Exercise data.

########

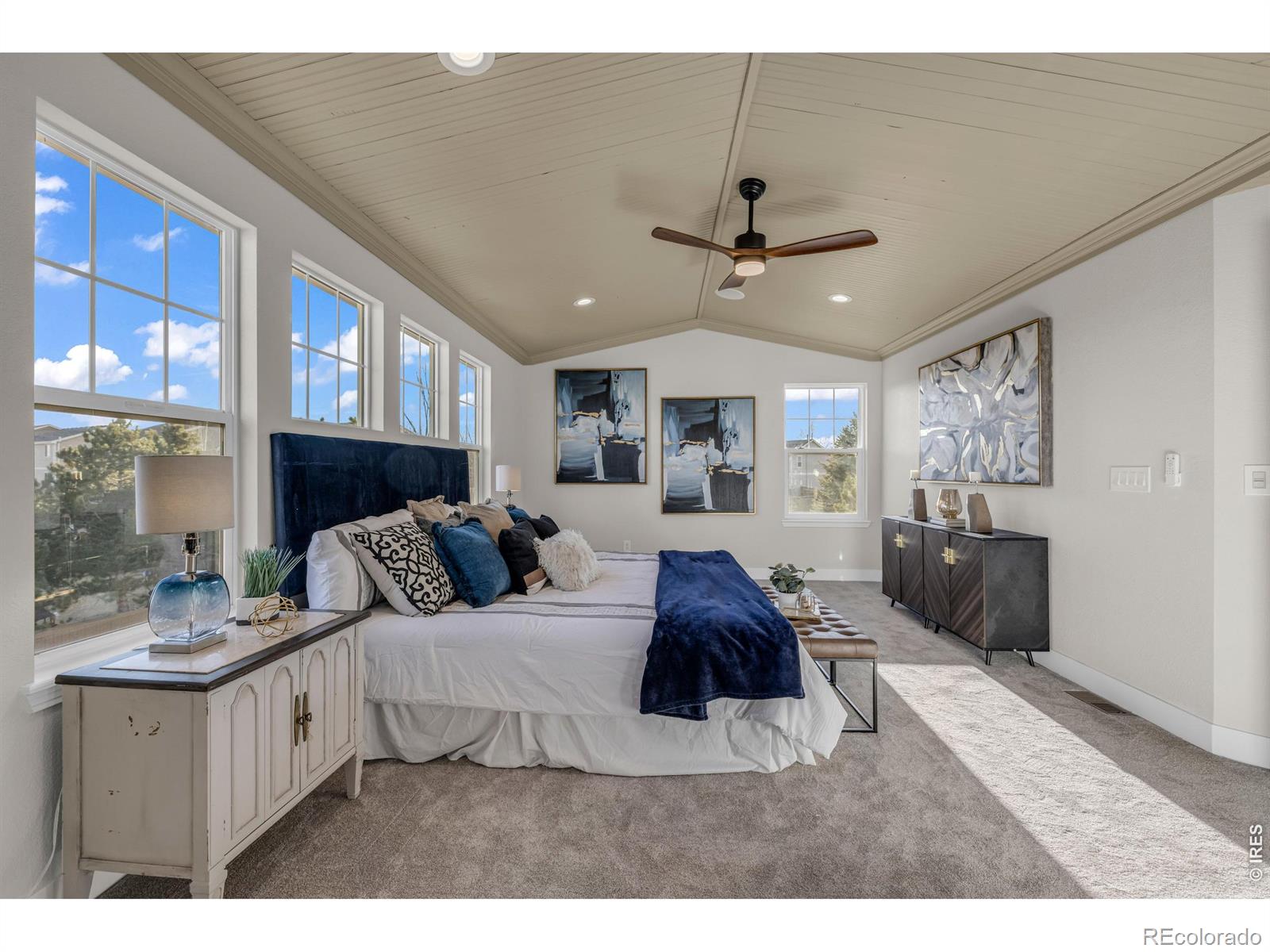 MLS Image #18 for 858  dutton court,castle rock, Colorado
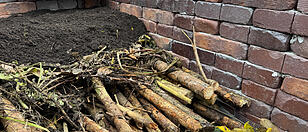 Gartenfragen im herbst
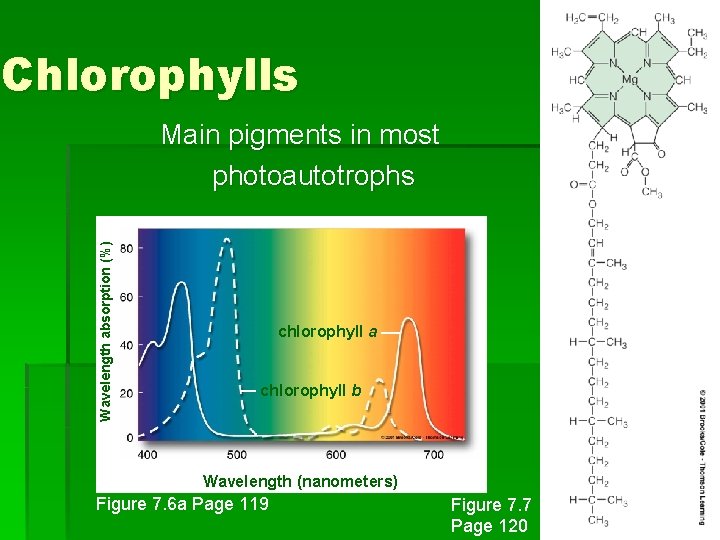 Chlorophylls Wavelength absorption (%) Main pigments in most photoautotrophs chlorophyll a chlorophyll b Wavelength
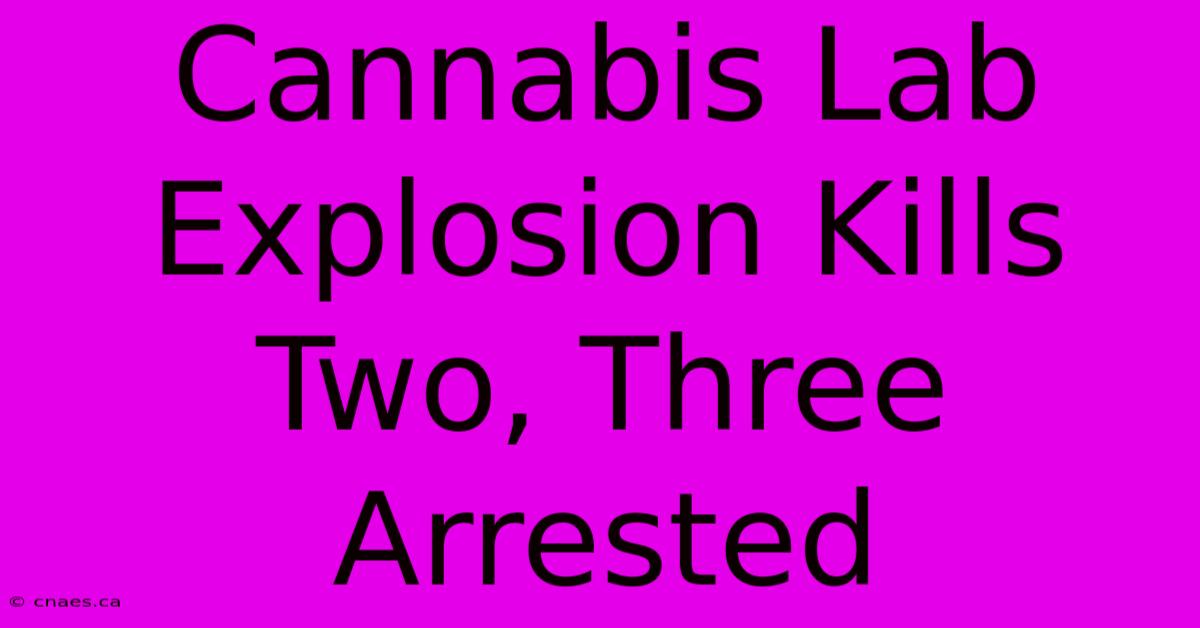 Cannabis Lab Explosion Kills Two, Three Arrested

########

Your objective.
All of the data above is to be repeated exactly, with the pictures left out.

Finished task.
 MLS Image #18 for 858  dutton court,castle rock, Colorado
 Gartenfragen im herbst
 Chlorophylls Wavelength absorption (%) Main pigments in most photoautotrophs chlorophyll a chlorophyll b Wavelength
 Cannabis Lab Explosion Kills Two, Three Arrested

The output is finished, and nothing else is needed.